Tanto tienes, tanto vales

Tanto tienes, tanto vales

MARIEN A. CAPITÁN
La vida no vale nada. Cuántas veces lo hemos escuchado de labios de Pablo Milanés, ese gran cantautor cubano que –como sus hermanos- nos ha tocado el alma más de una vez. Cuántas veces, oyendo la letra, hemos pensado que nuestra vida no vale nada porque hemos perdido un amor, un amigo, una estrategia, un trabajo, una batalla. Pero, ¿qué pasa cuando lo que se pierde es la misma vida?

Hoy hablaré de alguien que se fue.

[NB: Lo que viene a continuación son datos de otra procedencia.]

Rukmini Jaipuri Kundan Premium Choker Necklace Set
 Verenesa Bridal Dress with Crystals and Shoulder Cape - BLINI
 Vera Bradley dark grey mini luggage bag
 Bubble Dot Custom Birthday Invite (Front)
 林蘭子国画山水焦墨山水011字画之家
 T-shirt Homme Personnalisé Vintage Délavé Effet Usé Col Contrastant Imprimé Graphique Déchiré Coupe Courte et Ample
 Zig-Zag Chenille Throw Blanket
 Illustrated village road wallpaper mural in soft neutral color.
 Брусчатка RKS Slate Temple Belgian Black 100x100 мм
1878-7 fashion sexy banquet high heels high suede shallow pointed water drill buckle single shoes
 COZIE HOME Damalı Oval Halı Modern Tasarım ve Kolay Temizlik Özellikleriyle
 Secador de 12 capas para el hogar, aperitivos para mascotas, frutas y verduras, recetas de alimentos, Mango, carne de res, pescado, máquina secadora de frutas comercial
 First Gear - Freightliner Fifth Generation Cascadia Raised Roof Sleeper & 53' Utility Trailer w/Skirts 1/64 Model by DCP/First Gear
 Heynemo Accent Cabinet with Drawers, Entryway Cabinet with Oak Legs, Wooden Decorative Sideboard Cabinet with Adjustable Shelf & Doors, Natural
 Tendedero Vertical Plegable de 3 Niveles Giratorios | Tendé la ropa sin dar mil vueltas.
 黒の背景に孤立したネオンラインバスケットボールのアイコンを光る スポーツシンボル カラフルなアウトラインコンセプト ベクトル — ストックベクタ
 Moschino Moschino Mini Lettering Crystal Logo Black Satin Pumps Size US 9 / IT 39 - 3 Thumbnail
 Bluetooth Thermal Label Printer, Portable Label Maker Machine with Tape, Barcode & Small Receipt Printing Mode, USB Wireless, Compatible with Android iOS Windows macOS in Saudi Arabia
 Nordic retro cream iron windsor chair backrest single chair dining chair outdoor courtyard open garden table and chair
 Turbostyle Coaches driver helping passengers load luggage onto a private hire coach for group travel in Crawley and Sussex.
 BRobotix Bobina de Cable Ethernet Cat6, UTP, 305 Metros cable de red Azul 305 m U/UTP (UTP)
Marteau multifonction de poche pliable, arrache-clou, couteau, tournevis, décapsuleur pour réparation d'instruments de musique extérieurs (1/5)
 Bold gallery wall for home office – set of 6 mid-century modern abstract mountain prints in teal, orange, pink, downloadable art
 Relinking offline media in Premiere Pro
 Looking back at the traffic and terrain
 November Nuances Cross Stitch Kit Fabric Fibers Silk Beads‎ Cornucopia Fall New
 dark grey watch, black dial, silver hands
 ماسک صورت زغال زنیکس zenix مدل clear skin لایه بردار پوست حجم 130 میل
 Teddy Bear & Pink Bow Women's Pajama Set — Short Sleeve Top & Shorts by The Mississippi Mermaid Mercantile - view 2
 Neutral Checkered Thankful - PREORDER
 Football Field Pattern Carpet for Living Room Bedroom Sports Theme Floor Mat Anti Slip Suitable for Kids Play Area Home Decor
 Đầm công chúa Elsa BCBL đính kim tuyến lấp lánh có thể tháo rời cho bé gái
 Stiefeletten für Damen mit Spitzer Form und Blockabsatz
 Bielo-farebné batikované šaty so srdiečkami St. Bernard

Alguien cuya vida no valió nada porque tuvo que posponer cada minuto de su ser mientras moría en una cama. Se trata de Darío Antonio Peña Suriel, un muchacho de 24 años que murió porque nunca tuvo un millón seiscientos mil pesos para poder hacerse un trasplante de médula.

Cuando vimos su dulce sonrisa por primera vez, su historia nos tocó el corazón. Altagracia Ortiz, nuestra amiga y compañera, nos hablaba de él el 1 de septiembre pasado. En letras pequeñas, como las de todos los periódicos, nos explicaba que Darío necesitaba un trasplante de médula a causa de la leucemia linfoblástica que padecía desde hace dos años.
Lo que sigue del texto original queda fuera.